Come adeguare l’azienda al GDPR? Responsabilità del titolare

Con il Regolamento generale sulla protezione dei dati personali si parla della maggiore della maggiore responsabilità del titolare del trattamento dei dati personali che deve adeguare l’azienda in conformità con il GDPR.

Le figure coinvolte nel GDPR sono:

  • l’amministratore di sistema: ha il ruolo di controllare la rete informatica, online e offline, di effettuare attività di back-up e recupero dati;
  • il soggetto incaricato: è il dipendente dell’azienda che per svolgere il proprio lavoro utilizza i dati personali in possesso dell’azienda;
  • il responsabile del trattamento dei dati personali: a seconda del trattamento, può essere una figura sia interna che esterna all’azienda che agisce per conto del titolare;
  • il DPO o RPD (Responsabile della protezione dei dati personali): è una figura interna o esterna alla struttura aziendale e tra i suoi compiti vi è quello di verificare se e come il titolare del trattamento dei dati personali si sta adeguando al GDPR;
  • il titolare del trattamento dei dati personali.

Chi è il titolare del trattamento dei dati personali? Quali sono le sue responsabilità? Come deve adeguare la propria azienda al GDPR?

Chi è il titolare del trattamento dei dati personali

Il titolare del trattamento dei dati personali è la persona fisica o giuridica che determina le finalità dei trattamenti.

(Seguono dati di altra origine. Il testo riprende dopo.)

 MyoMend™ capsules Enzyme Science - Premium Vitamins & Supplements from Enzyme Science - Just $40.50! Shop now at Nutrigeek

Il principio fondante del GDPR è il principio di accountability, termine non traducibile in italiano, ma che si riferisce alla maggiore responsabilità del titolare del trattamento dei dati personali il cui compito è adeguare l’azienda al GDPR.

Secondo il principio di accountability per adeguare l’azienda al GDPR, il titolare del trattamento dei dati personali deve adottare tutte le politiche aziendali e le misure tecniche idonee al fine di garantire la protezione dei dati personali.

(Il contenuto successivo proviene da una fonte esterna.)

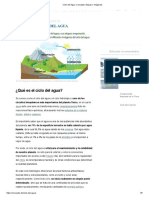 Ciclo Del Agua - Concepto, Etapas e Imágenes PDF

Quali sono le responsabilità del titolare del trattamento dei dati personali per adeguare la sua azienda al GDPR?

Il titolare del trattamento dei dati personali per adeguare l’azienda al Regolamento Europeo n. 679/2016 deve:

  • trattare in modo lecito i dati personali in suo possesso;
  • dimostrare che il consenso all’utilizzo dei dati personali è sempre preventivo e inequivocabile; che la persona fisica può in qualsiasi momento esercitare il suo diritto all’oblio (revoca del consenso) o il suo diritto di limitazione del trattamento;
  • evitare – ed eventualmente comunicare al Garante Privacy – il data breach, ovvero la perdita dei dati causati da attacchi informatici o dalla perdita o rottura del dispositivo tecnologico in cui essi sono conservati;
  • seguire il principio di privacy by default:  i dati personali devono essere conformi per le sole finalità per cui essi sono stati raccolti e per il periodo previsto;
  • seguire il principio di privacy by design: ogni struttura aziendale deve prevedere, già in fase di progettazione e prima che il trattamento abbia inizio, il rischio in caso di violazione o perdita dei dati;
  • redarre il registro dei trattamenti;
  • nominare il proprio “team privacy” ovvero i soggetti incaricati e i responsabili interni ed esterni.

Adeguare l’azienda al GDPR è facile

Nonostante quanto si crede, adeguare l’azienda al GDPR è facile. Il titolare del trattamento deve essere consapevole della sua responsabilità.

Egli deve: Applicare – Dimostrare – Manutenere

  1. applicare il Regolamento generale sulla protezione dei dati personali;
  2. dimostrare che l’azienda si è adeguata – o si sta adeguando – correttamente al Regolamento;
  3. gestire i dati personali verificando periodicamente il livello di protezione

Non occorrono ingenti somme di denaro per adeguare l’azienda al GDPR così come non ci sono servizi uguali per tutte le aziende.